Like Vero and company, we also spent some time in the Ardennes this summer, but we didn’t hit quite the level of adventurousness that they did. We did, however, engage our nerdiness with a little space exploration, some book shopping, and a very little light hiking.
The Euro Space Center was something we learned about as we drove past on the highway and thought “That looks fancy!” (We’re organized like that–our whole trip was a last-minute, “Oops, we didn’t vacation this summer!” deal.) So staying at a campground during a week of the pouringest rain we’ve seen here in Belgium, we headed back to check out the most extensive indoor activity we’d seen.
The center was a worthwhile trip, and our kids have been begging to return. The moon walk simulator was a huge hit with my six-year-old, and it was actually fun to watch for the rest of us earth-gravity-bound chumps. Our next stop was the museum, which was an impressive group tour with headphones in our respective languages. In several different rooms we learned about the history of theories of the solar system, space exploration (with many European tidbits that we Americans tend to overlook), astronaut training, and rocket design. It was engaging and had enough impressive effects to capture the interest of our little ones that it was not a complete disaster–and that is often the best we can say about guided tours. (The attendant kindly let us take our stroller in, but there are many stairs and I would not describe the museum as stroller-friendly.)
We visited the planetarium, which wowed our kids but I can’t say much about because it proved to be an excellent place for a nap, then hit up the snack bar and space exploration-inspired outdoor playground (very cool; not toddler-friendly). Then we were on our way to see what other diversions the area had to offer.
The town of Redu is ten minutes down the road from the ESC. It proudly bills itself as a Village du Livre—that is, a place with many book shops. There are at least seventeen, and as we strolled the pleasant streets we popped into a few. Some are new, some are used, some specialize in rare books, some have English or German sections along with the usual French and Dutch, and some are entirely for B.D.s (comics). Though it’s a tiny hamlet, there are several restaurant options, at one of which we had a delicious meal, and also a lovely playground at the center of town.

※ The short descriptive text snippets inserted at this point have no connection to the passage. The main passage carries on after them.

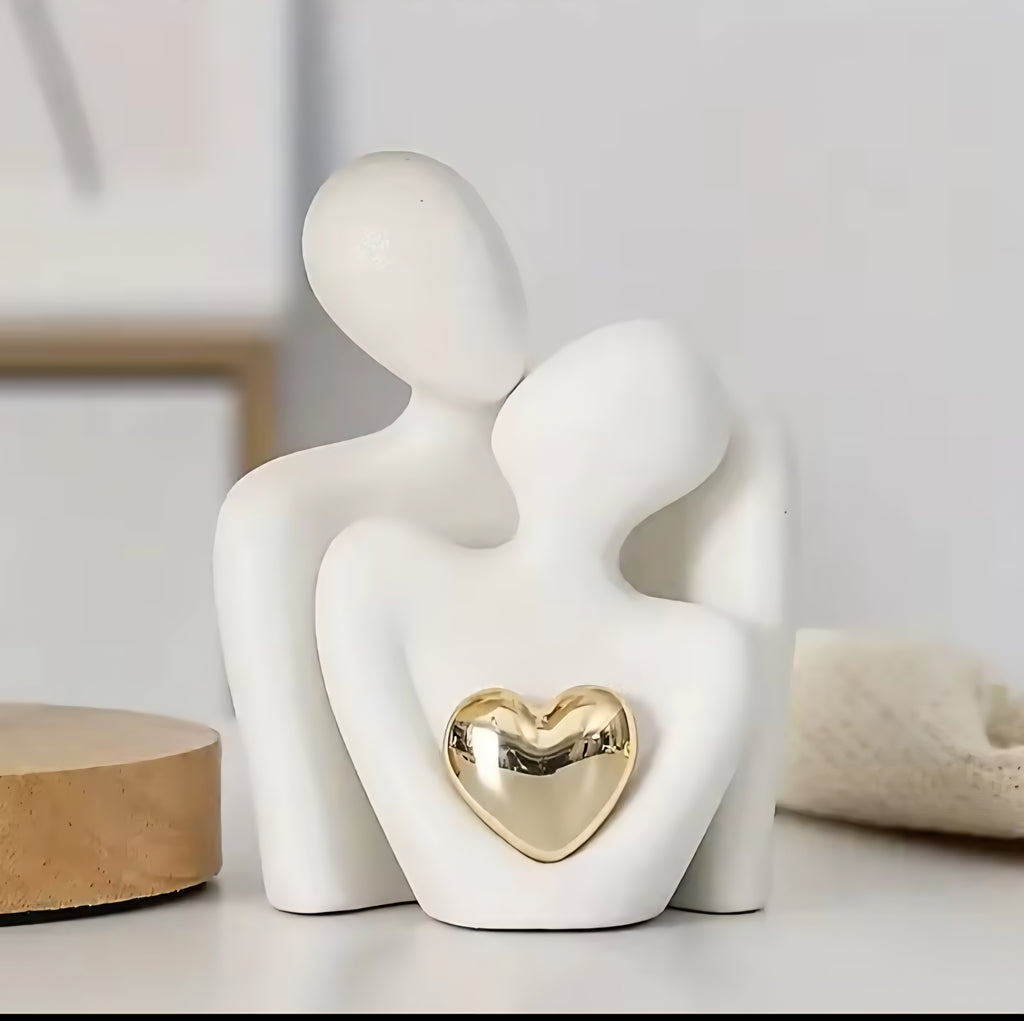 1Pc Romantic Love Embrace Statue Ornament Couple Set Bedroom Interior Decoration Valentine's Day Gift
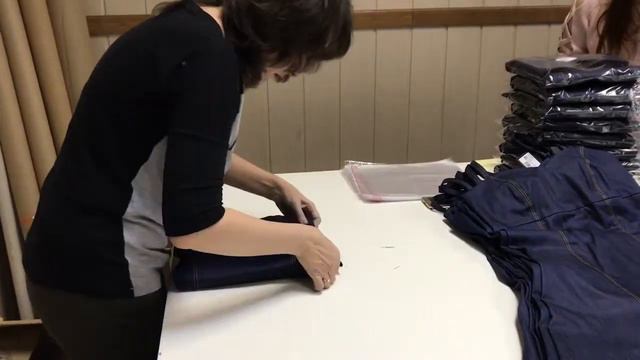Швейное производство FABRIC Москва. Упаковка готовой продукции.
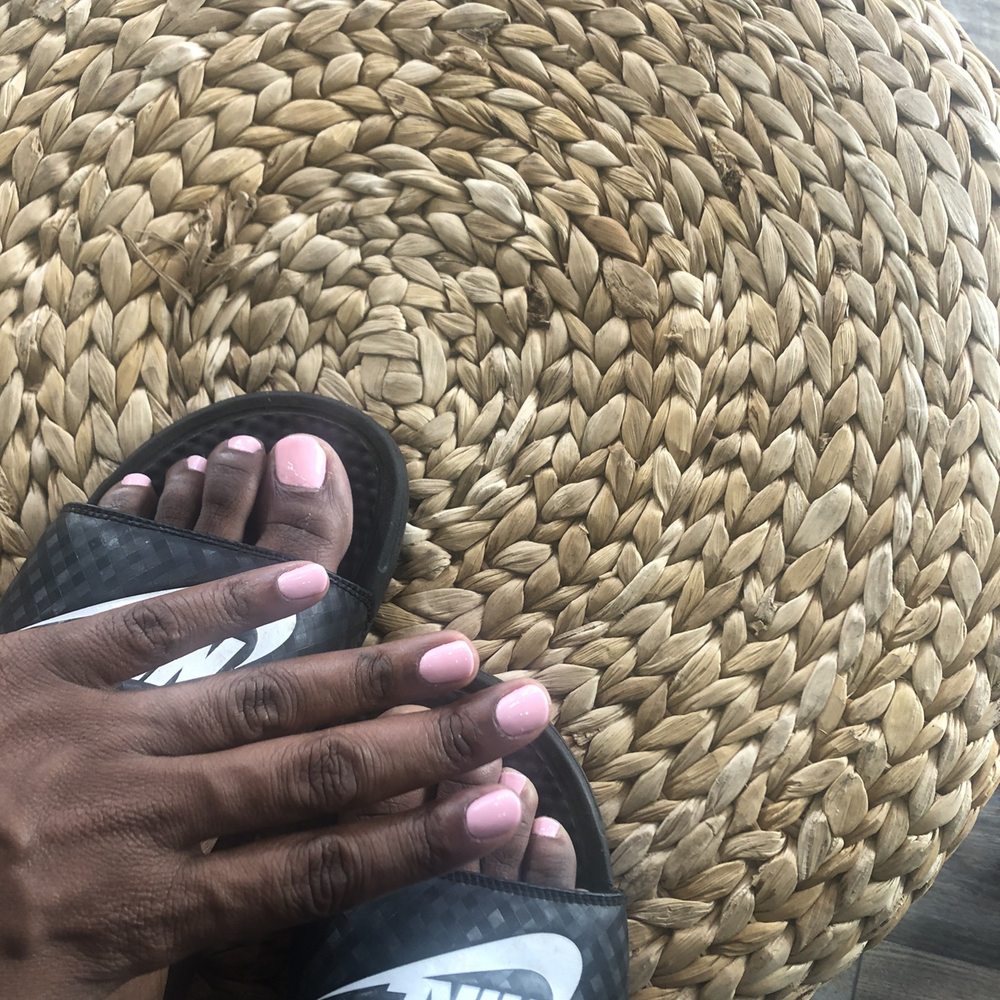 Trill Nail Parlor - Nail Salons Near Me - Bellflower, California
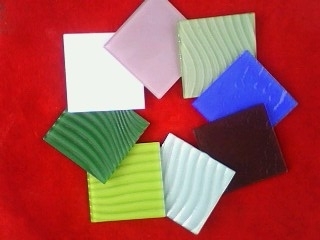 佛山市陶一色釉 水晶玻璃馬賽克顏料、玻璃釉料與高溫油墨的研發(fā)創(chuàng)新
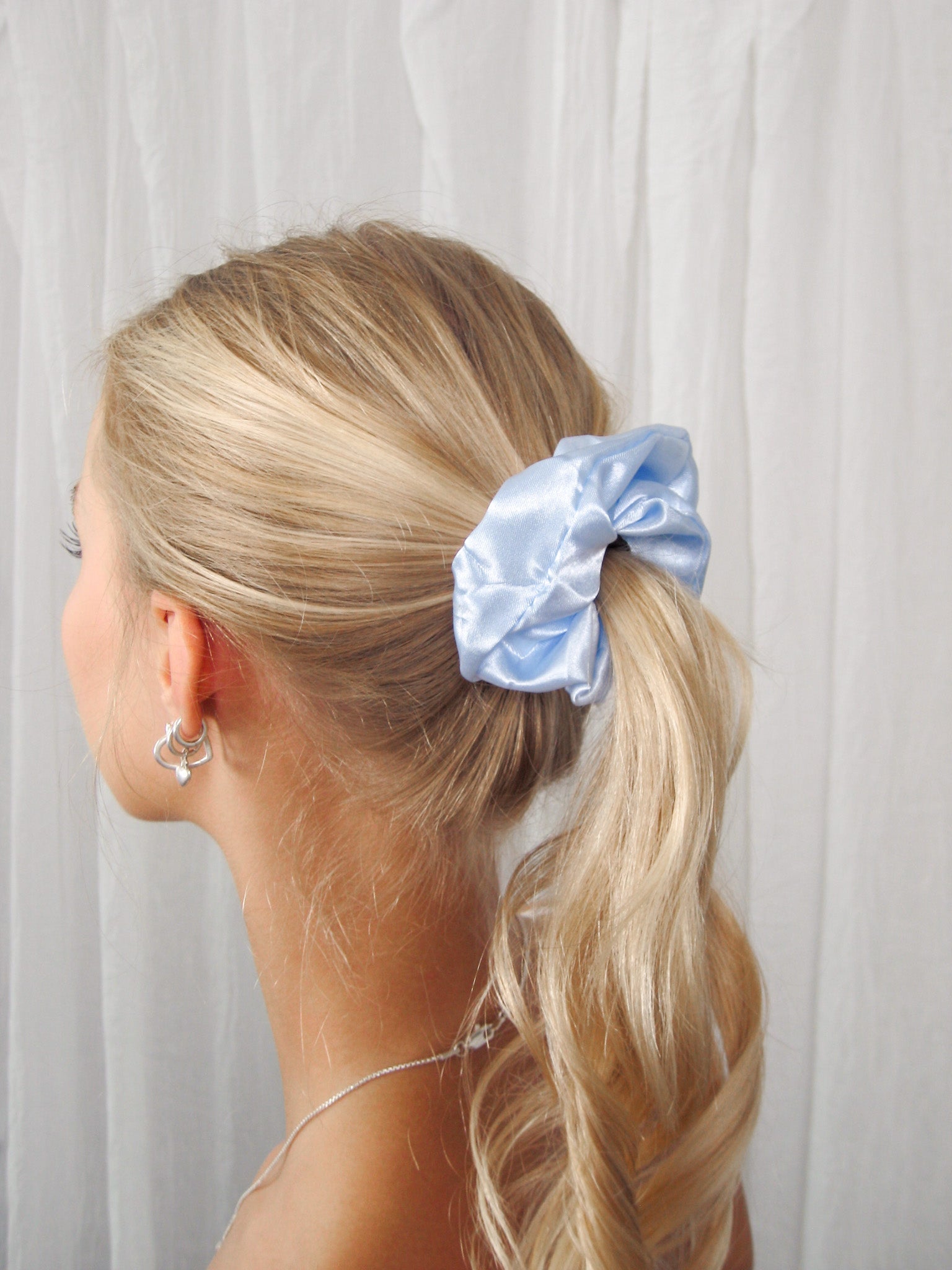 Satin Scrunchie Blå
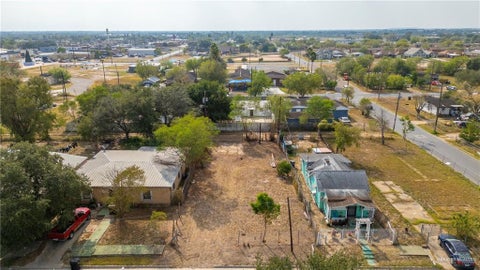 Multifamily For Sale - 222 W Pablo Layton Street<br/> Elsa, TX 78543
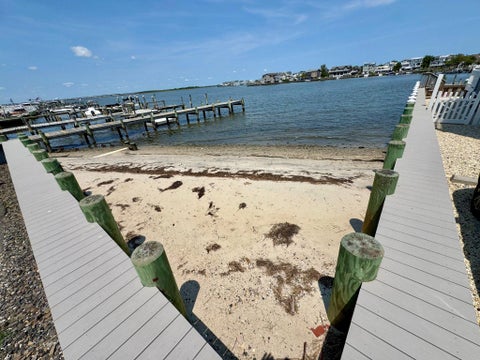 Condo For Sale - 214 W Ship Bottom Avenue #2<br/> SHIP BOTTOM, NJ 08008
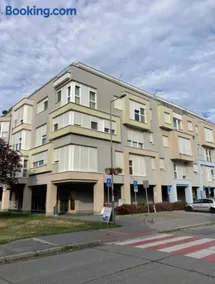 Central AREA Cozy Apartment - Image 1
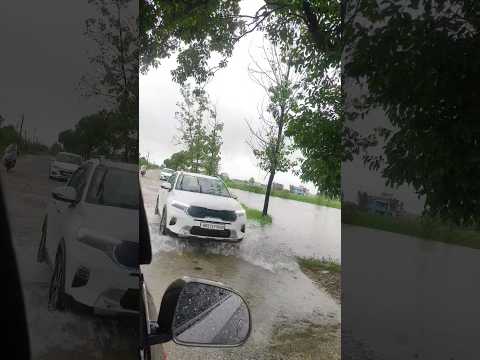 Water Way's 🌧 🌊 #water #rain #watercrossing #car #tree #feild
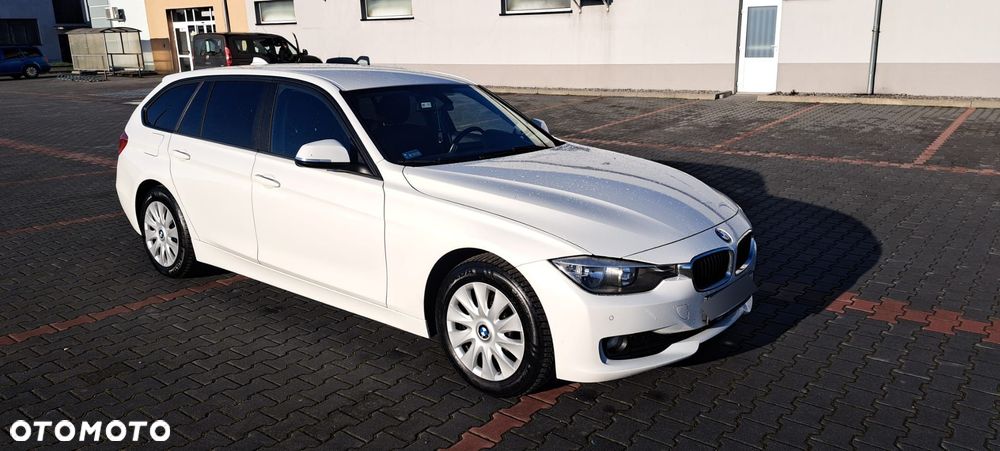 BMW Seria 3 318d - 10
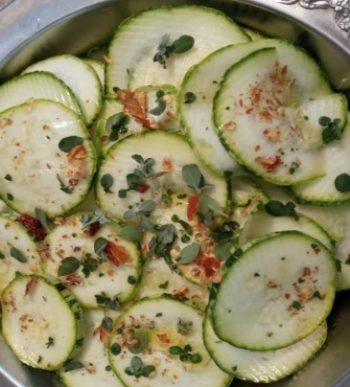 Abobrinha em Rodelas Temperada – Como Fazer Salada Pouco Calórica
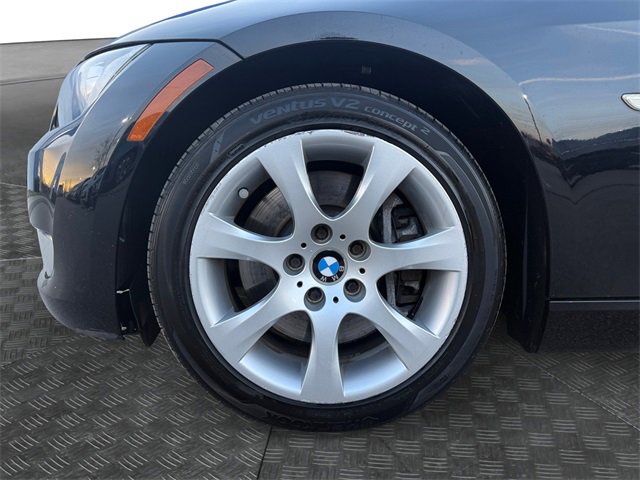 Used 2008 BMW 335i Convertible image 13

Leaving town with heavier backpacks and full bellies, we were taking the scenic route back to our campground when we saw intriguing signs to La Roche aux Chevaux (the rock of the horses). We parked in a pull-off and walked up the inviting path—mostly flat with a gentle uphill, through birdsong-filled woods with plenty of pinecones, sticks, and rocks to be collected. In what would be a ten-minute walk for normal grown-ups–about twenty for us with a two-year-old–we reached the slightly overgrown and very dangerous rock and its view over the little Lomme river valley. The view was not much, but the walk was so pleasant that I would highly recommend it for hikers of all ages and abilities. The trees towered, the sunshine was dappled, and we could smell nothing but loamy soil and hear nothing but birds.
We split these outings into two days–see above note about our disorganization–but they would easily fit into one. Without trying very hard, we’d discovered a little something for everyone all within a stone’s throw of this area of Luxembourg Province. We can’t wait to see what we’ll find in our next visit—or maybe we’ll just go back and do the exact same things again. Either way, we’ll apparently all be quite happy.
Websites: Euro Space Center – http://www.eurospacecenter.be/esc/index.php/en/
Euro Space Center – 1, rue Devant les Hêtres • B-6890 Transinne
Redu – 6890 Libin
La Roche aux Chevaux – Take Rue de la Prairie south from Redu and you will see signs to it.